Si sprecano un po’ in tutti giornali, ma in particolare sul Corriere della Sera nell’articolo di Monica Guerzoni, aggettivi e definizioni muscolari della lettera critica inviata dal presidente della Repubblica Sergio Mattarella ai presidenti delle Camere sulla legge, pur promulgata da lui stesso, che ha ripristinato dall’anno prossimo la festa nazionale di San Francesco d’Assisi. Eppure è stata una legge approvata in via definitiva il 23 settembre scorso a Montecitorio all’unanimità, per cui non si può dire che il capo dello Stato, come pure ho letto da qualche parte, abbia fatto le pulci, o qualcosa di simile, al governo. Le ha fatte piuttosto alla maggioranza e alle opposizioni, ritrovatesi insieme a sostenere una proposta di legge dell’ex ministro Maurizio Lupi, intestatario nell’area di centrodestra di un partitino chiamato “Noi moderati”. E fedeli, naturalmente, di San Francesco d’Assisi.
Infilatosi addosso metaforicamente un saio francescano, Lupi ha trovato il modo di vedere e indicare nell’intervento del Capo dello Stato una valorizzazione ulteriore della sua legge esprimendo la certezza di soddisfare attese, richieste e quant’altro del Quirinale senza compromettere il ripristino della festa nazionale soppressa nel 1977 da uno dei sette governi di Giulio Andreotti, in epoca risparmiosa di “solidarietà nazionale”. Potrebbe essere, per esempio, separata da quella di Santa Caterina da Siena. In soccorso della quale, per venerazione, esposizione e quant’altro, Mattarella è intervenuto sostenendo che insieme le due feste non possono tornare con uno stato “diverso”: festa nazionale quella di San Francesco, solennità civile quella di santa Caterina. Che non potrebbe essere ricordata con lezioni, riflessioni e altro nelle scuole chiuse per festeggiare San Francesco.

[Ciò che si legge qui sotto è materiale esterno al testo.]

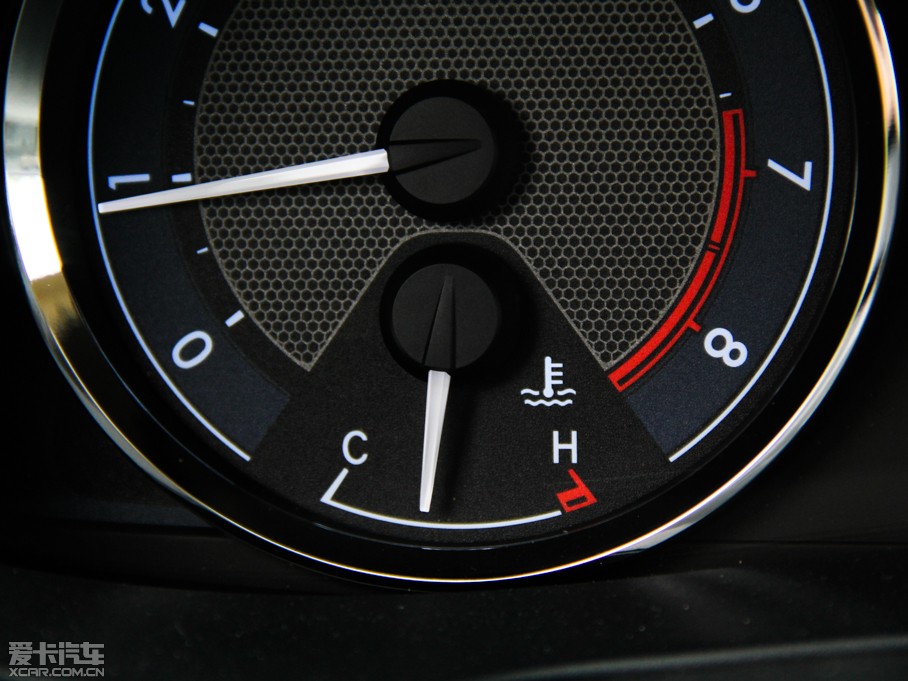 2014��_�� 1.8L CVT ���߰�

In verità, San Francesco l’anno prossimo ricorrerà di domenica, a dispetto delle scommesse sul solito ponte, per cui Santa Caterina non potrà comunque subire menomazioni celebrative. Ma di certo nell’anno successivo il problema potrebbe porsi nel suo aspetto imbarazzante, per cui converrebbe intervenire in tempo.
Santa Caterina, stando alle voci che già circolano negli ambienti parlamentari, potrebbe essere spostata nel calendario delle feste al 29 aprile. Che è già quella dedicatale come vergine e dottore della Chiesa, patrona d’Italia e d’Europa.
Per tornare all’argomento iniziale, mi chiedo se davvero fosse il caso non dico di assumere da parte del Capo dello Stato un’iniziativa così clamorosa nell’aspetto mediatico e politico, ma di riferirne come “energica strigliata” dopo “il papocchio” parlamentare e via leggendo, ripeto, Monica Guerzoni sul Corriere della Sera.